Leave $ (X, succsim) $ be a topological space totally ordered and connected with the order topology. Leave $ succeq $ be another order relationship in $ X times X $ such that the two orders are consistent: $ x succsim y iff (x, z) succeq (y, z) $ for all $ z $. We also assume the continuity of $ succeq $, that's the set {$ (x, y, w, z) in X times X times X times X: (x, y) succeq (w, z) $} is closed in the product topology.

Yes $ (x_n) _n $, $ (y_n) _n $ converge monotonously to $ x $ Y $ and $ respectively, and $ (w_n) _n $, $ (z_n) _n $ converge monotonously to $ w $ Y $ z $ respectively, then I want to show $ (x_n, y_n) succeq (w_n, z_n) implies (x, y) succeq (w, z) $.
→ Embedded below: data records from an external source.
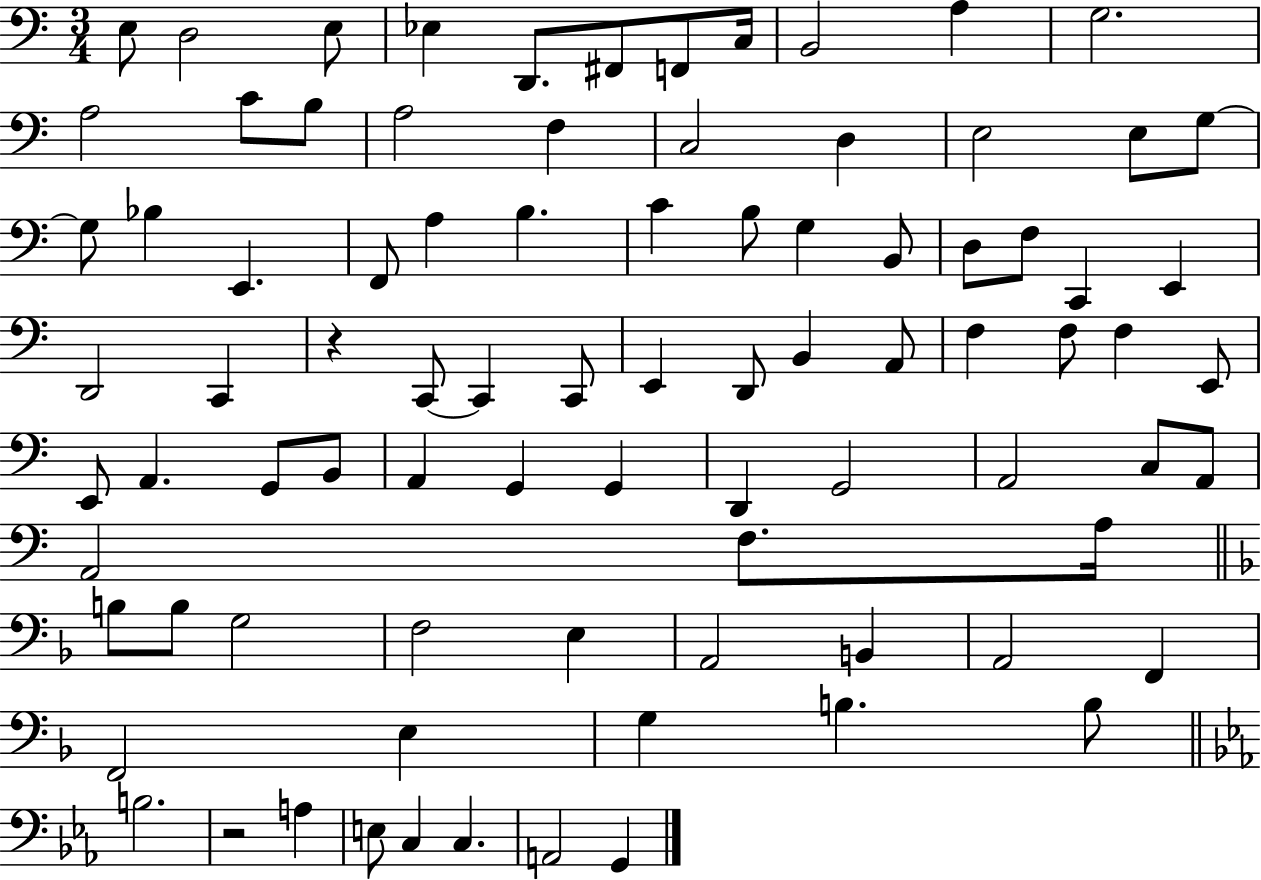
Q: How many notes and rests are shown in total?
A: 86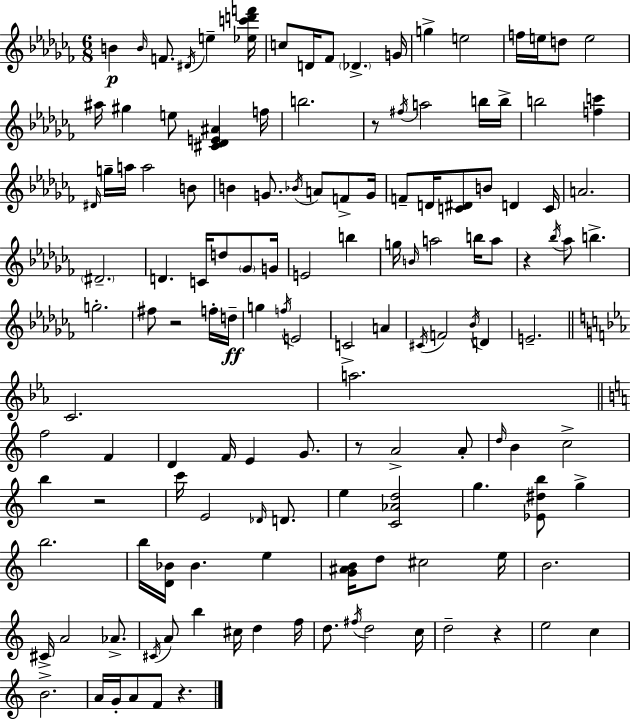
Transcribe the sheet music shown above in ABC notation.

X:1
T:Untitled
M:6/8
L:1/4
K:Abm
B B/4 F/2 ^D/4 e [_ec'd'f']/4 c/2 D/4 _F/2 _D G/4 g e2 f/4 e/4 d/2 e2 ^a/4 ^g e/2 [^C_DE^A] f/4 b2 z/2 ^f/4 a2 b/4 b/4 b2 [fc'] ^D/4 g/4 a/4 a2 B/2 B G/2 _B/4 A/2 F/2 G/4 F/2 D/4 [C^D]/2 B/2 D C/4 A2 ^D2 D C/4 d/2 _G/2 G/4 E2 b g/4 B/4 a2 b/4 a/2 z _b/4 _a/2 b g2 ^f/2 z2 f/4 d/4 g f/4 E2 C2 A ^C/4 F2 _B/4 D E2 C2 a2 f2 F D F/4 E G/2 z/2 A2 A/2 d/4 B c2 b z2 c'/4 E2 _D/4 D/2 e [C_Ad]2 g [_E^db]/2 g b2 b/4 [D_B]/4 _B e [G^AB]/4 d/2 ^c2 e/4 B2 ^C/4 A2 _A/2 ^C/4 A/2 b ^c/4 d f/4 d/2 ^f/4 d2 c/4 d2 z e2 c B2 A/4 G/4 A/2 F/2 z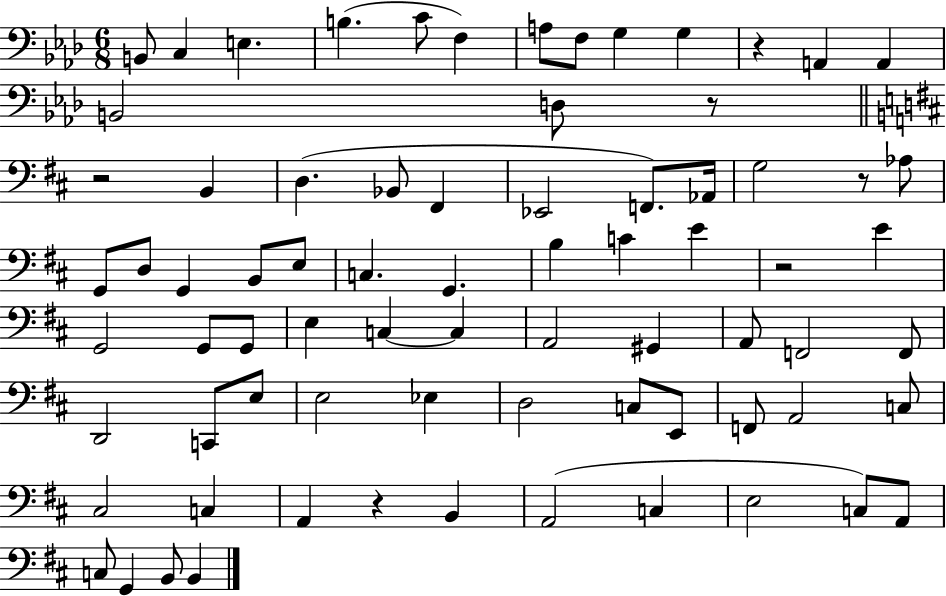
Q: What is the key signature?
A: AES major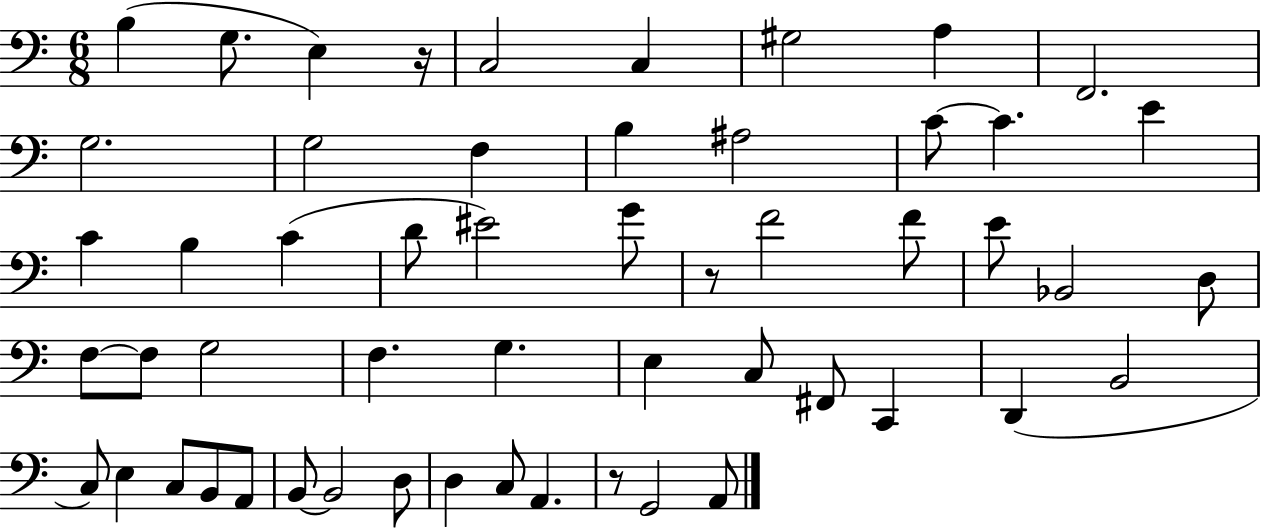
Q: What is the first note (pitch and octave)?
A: B3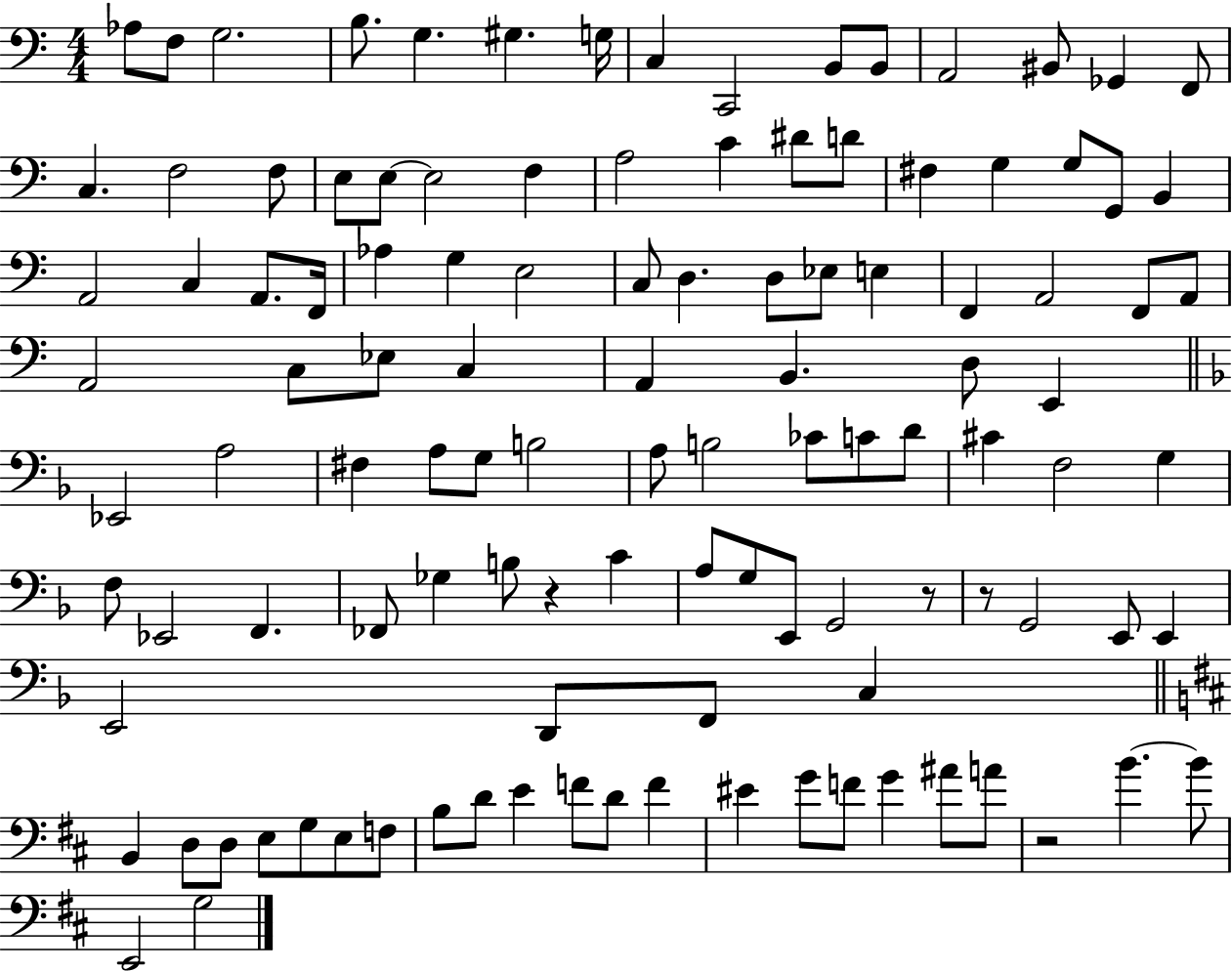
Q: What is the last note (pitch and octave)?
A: G3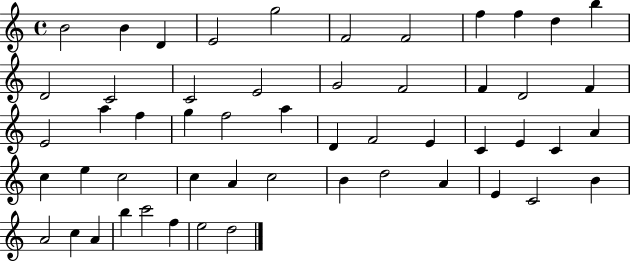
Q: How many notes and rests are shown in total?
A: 53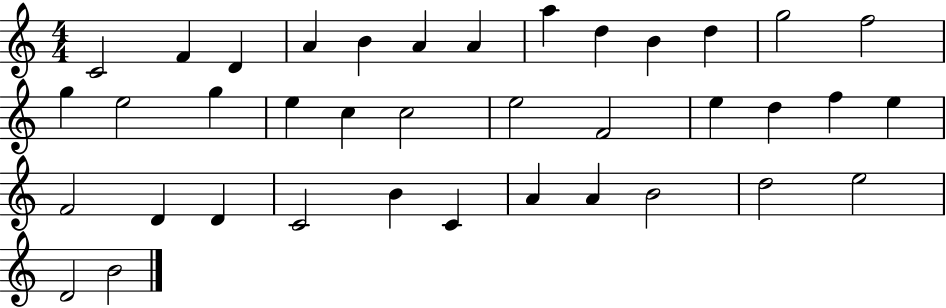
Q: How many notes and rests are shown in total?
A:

To me, the problem seems quite trivial by definition and my test is as follows:

Denote the set $ A: = $ {$ (x, y, w, z) in X times X times X times X: (x, y) succeq (w, z) $} and choose a sequence of points in it (keep in mind that whenever $ X $ is metrizable $ A $ retains all the "good" properties of $ X $), that is to choose $ (x_n, y_n, w_n, z_n) _n in A ^ { mathbb {N}} $ converging monotonously to $ (x, y, w, z) $that is to say

$ (x_n) _n rightarrow x $, $ (y_n) _n rightarrow and $, $ (w_n) _n rightarrow w $, $ (z_n) _n rightarrow z $. So I want to show that $ (x, y, w, z) in A $. While $ A $ It is closed (of course) the conclusion follows. Am I missing something? It seems very easy. Besides, it seems to me that I don't even need the "monotonic" convergence of the sequence. Thank you!